=== Exercise description ===
Leave the pictures out. Return all other data exactly.

=== Collected data ===
——————

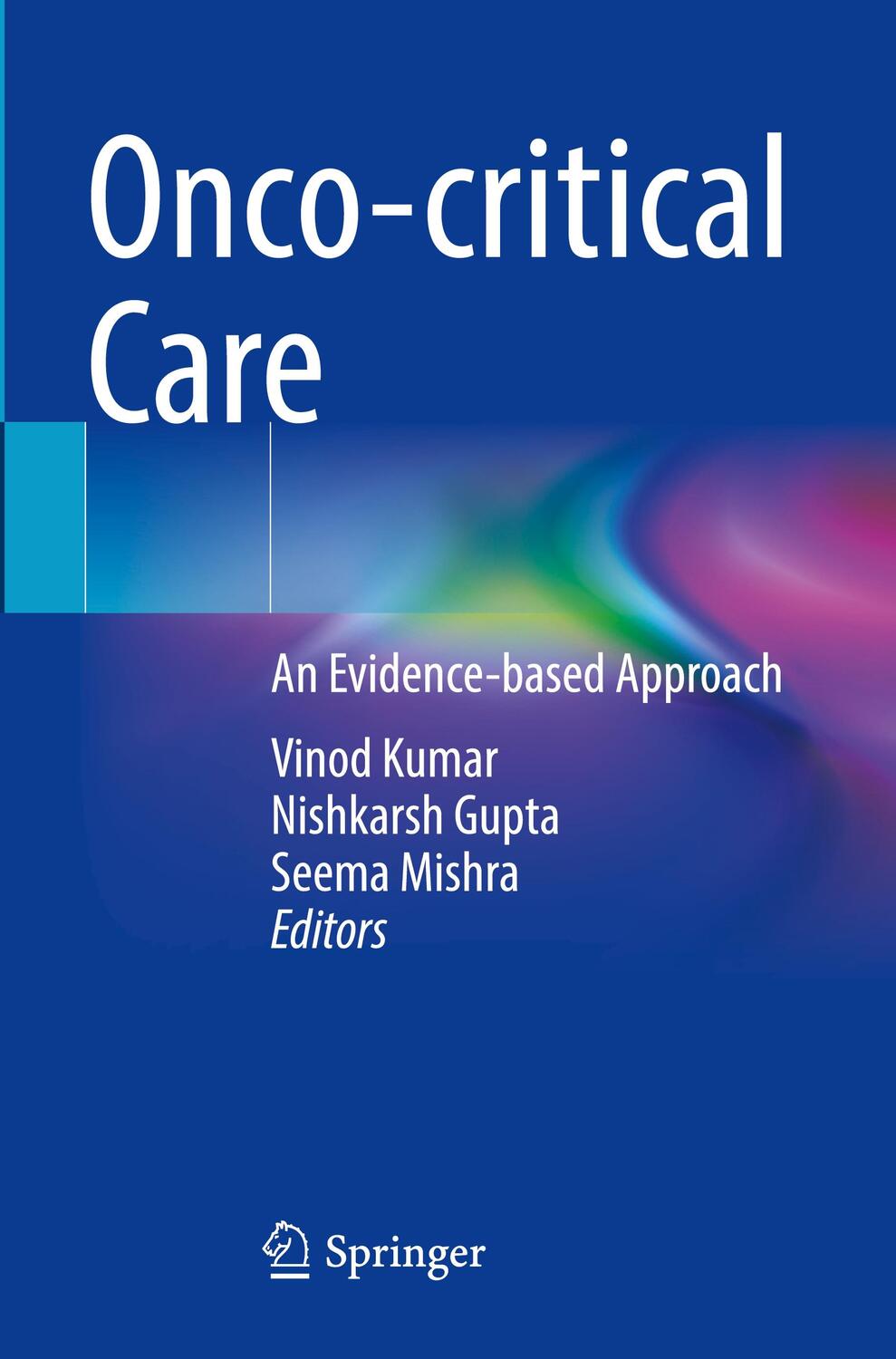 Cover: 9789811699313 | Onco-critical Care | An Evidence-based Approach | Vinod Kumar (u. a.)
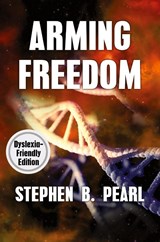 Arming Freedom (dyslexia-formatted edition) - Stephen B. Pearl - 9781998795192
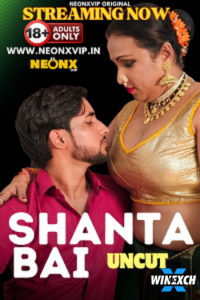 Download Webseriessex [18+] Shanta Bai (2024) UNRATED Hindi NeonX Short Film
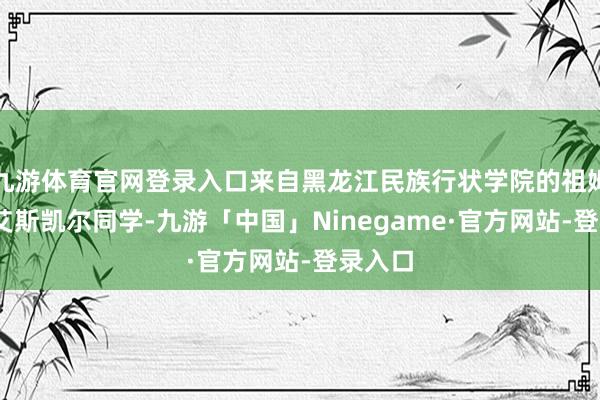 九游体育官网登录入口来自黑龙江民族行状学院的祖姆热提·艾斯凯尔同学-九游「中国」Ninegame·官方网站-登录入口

——————

=== Task response ===
 Cover: 9789811699313 | Onco-critical Care | An Evidence-based Approach | Vinod Kumar (u. a.)
 Arming Freedom (dyslexia-formatted edition) - Stephen B. Pearl - 9781998795192
 Download Webseriessex [18+] Shanta Bai (2024) UNRATED Hindi NeonX Short Film
 九游体育官网登录入口来自黑龙江民族行状学院的祖姆热提·艾斯凯尔同学-九游「中国」Ninegame·官方网站-登录入口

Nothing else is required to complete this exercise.